Another example of how fed policy is a bad thing.

Here we go. I can use your own words to explain how the Fed's national economic policy would be considered a bad thing.

When the Federal Reserve sets the interest rate, it essentially fixes the price of credit among banks. This is like fixing the price of baby-sitting Krugman's parable. When I asked you how the general baby-sitting economy would be affected if a Congress passed a law fixing the price of baby-sitting at $10 per hour, you told me that they would be hating life because they would be living in a rigid, inflexible system. Well, the same is true for banks.

When the Federal Reserve fixes the price of credit, it creates a rigid, inflexible system. Banks should be able to arrive at their own interest rates individually, case-by-case, based on the resources they have available and the risks they perceive. When Fed policy holds rates down too low for everyone, the risk calculation skewed and widespread malinvestment results.
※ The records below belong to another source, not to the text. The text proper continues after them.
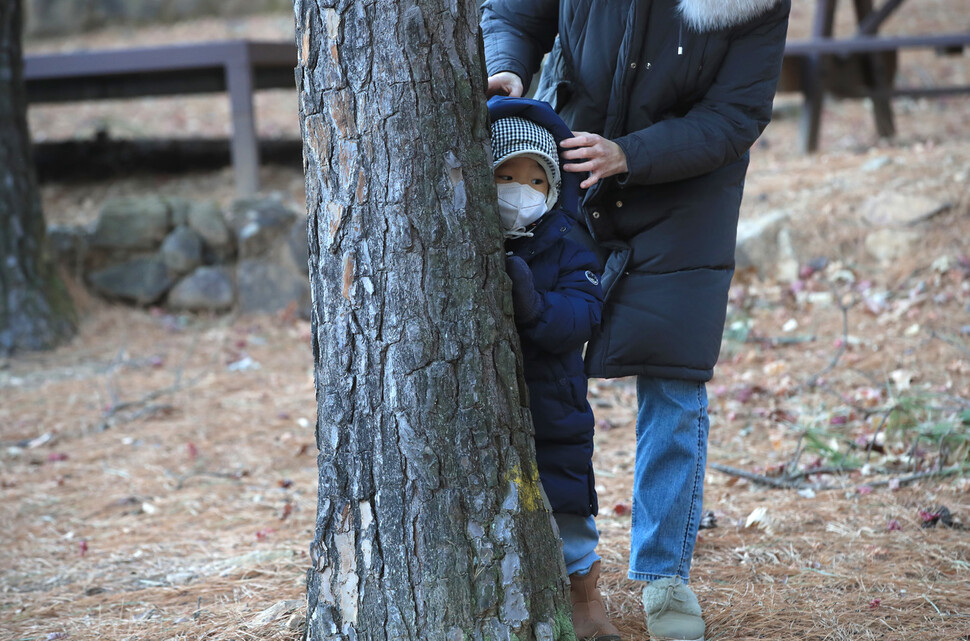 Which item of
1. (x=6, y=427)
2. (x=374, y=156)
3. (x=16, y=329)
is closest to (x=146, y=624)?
(x=374, y=156)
I see Fed manipulation of the interest rate as a regulation like any other, but having particularly widespread negative effects. It's a regulation that effects everyone who borrows money.

But there's a difference

between not having the ability to change interest rates at all, which is what your question was, and having interest rates set by only one entity. Not the same thing at all.
Hmm, is it bad to have only entity able to set interest rates? Haven't given the question any thought, so I'm open to argument on that score.

Keeping on Rand....

It's like, I want to answer everything, but I don't want the conversation to go in a zillion directions. Table the Enron thought for now. I have an answer for that, but I want to keep on Rand. I want to get back to what you were saying about "extreme captialism". I want to know what means to you.
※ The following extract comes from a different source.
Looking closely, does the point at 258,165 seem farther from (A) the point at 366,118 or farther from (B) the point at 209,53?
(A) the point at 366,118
<<<I still think Baker is putting his view of Rand in the context of her being mean and cold-hearted and pro-rich people as opposed to having her theory state that she prefers a certain outcome. That might be a misinterpretation on Baker's part.>>>

Are you saying that Baker is creating a context around Rand in which he makes her out to be "cold-hearted" and "pro-rich people" (whatever that means) for his own purposes, or are you saying that Rand was, in fact, "cold-hearted" and "pro-rich people", and that this is the context around her that we should all understand?

Of the two quotes about Rand, does either of them reflect what you consider to be "extreme capitialism"? Does either of them decidedly not reflect "extreme capitalism"?

<<<Hmm, is it bad to have only [one] entity able to set interest rates? Haven't given the question any thought, so I'm open to argument on that score.>>>

How would Malone's Ayn Rand answer the question? How would Baker's? The same? Differently?

<<<[Inflation is] Too much money chasing too few goods.>>>>

Austrian economists have some very, very interesting things to say about inflation that would fit very well into your PRAWN Anti-War blog. I don't want to sidetrack though, but you must hear it at some point. I'll try to find a good link...

Nah

I think I'm pretty burnt out on the whole discussion. I'll putter around your sites and check out various perspectives and crosscheck them for awhile. I have absolutely no idea f'rinstance, what different economists feel about multiple vs single interest rate-setters.
Much appreciate the conversation, though.